There are plenty of solutions if you don't like npm. However, they carry the traditional costs of managing dependencies; if you want super super super easy above all else, that's what npm does.

I don't think that's accurate. Most devs and thus companies treat NPM as a utility. Maybe very large companies would not feel it, but if NPM went down tomorrow there would be utter chaos on the internet.
There would be chaos, just not for FAANG.
Someone upthread asked "why is NPM different from PyPi/pip in this?"

There are lots of practical answers - PyPi is open source, Python packages aren't so fragmented, and so on. But honestly, a huge part of the difference is that PyPi has sponsors like PyPi and AWS using its baseline implementation. NPM's private repository system means the public system just doesn't have that kind of pressure on it.

I would be deeply surprised if AWS teams use public pypi. Much more reasonable would be to mirror public packages they use internally.

What if a minor version change contains a relicensing of the library, for instance?

Good point. Presumably they're fixing versions, even companies on public registries should do that to avoid re-licensing issues, but it'd be an unreasonable legal & security risk.

I guess my broader thought was that PyPi is a more reliable free offering than NPM because it's not focused on a 'premium' version for the biggest users. But that's different than AWS - presumably they're sponsoring it in a broader "making development accessible is good for AWS" sense.
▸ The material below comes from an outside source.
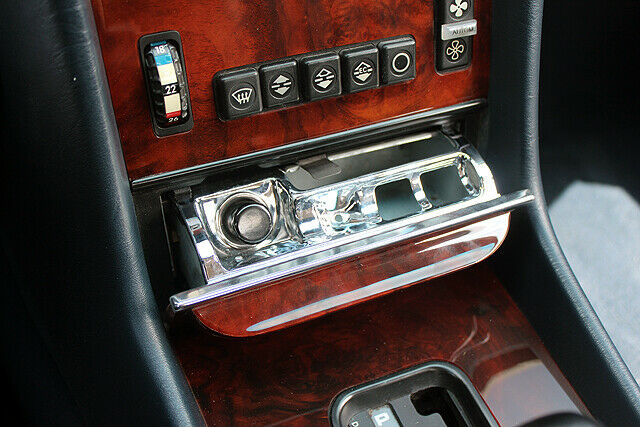 1989 Mercedes-Benz SL-Class - photo 10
Honest question, is it that much better in other communities? In particular, it's there anything inherent to npm that's problematic or is it just that a huge community with a Unix mindset (small packages that does one thing well) is problematic?
Lack of a large enough standard library is a big differenciating factor, as it makes you very dependent on third party libraries.

Even if you avoid it by creating your own utils, chances are that the creators of the large packages you use (like a database manager or a rest framework) will depend directly or indirectly of those third party tools.
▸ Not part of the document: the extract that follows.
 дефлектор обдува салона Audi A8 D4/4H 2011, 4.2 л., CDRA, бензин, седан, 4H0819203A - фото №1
No other package manager is run by a VC backed startup. That's inherently problematic and means the registry is in the hands of a company that could be killed off or sold at any moment because it needs to make massive profits (without having any way to truly make a profit in the first place) to continue to exist.
It was a problem in otherwise very successful perl's CPAN. I don't recall any "dramas", but because of a huge number of dependencies installing Catalyst had a low change of going right the first time. But! Because of the test everything culture and CPAN testers effort broken modules were very rare. So after you managed to set up your system and had a long walk while tests would run it was guaranteed to work. More or less.
Any community dependent on a particular repo is at risk. I'd argue that RubyGems is just as risky as NPM, for example.

The problem is that there's no good fix or alternative, it's hard to avoid a single point of failure.

There is actually a lot of discussion about this. There is also a lot of work going into different approaches to solve this.

For example Frea. It's a conservative approach for incrementally federating the package registry and you can start using it today. It's ready for all your traffic.

website: https://freajs.com

how it works: https://docs.google.com/presentation/d/16pxrYfpxxKRzhpMM0zZV...

Why was this downvoted?
People care. Developers have limited registry options due to lock-in. Creating effective security processes across a massive ecosystem of open source developers is a difficult problem. Registries can't easily create security practices that fit into a heterogenous pool of oss governance and development models. Especially when implementing more rigorous security has the potential to diminish their network effects and developer productivity. Curious to see how npm, GitHub Package Manager, and others address these issues.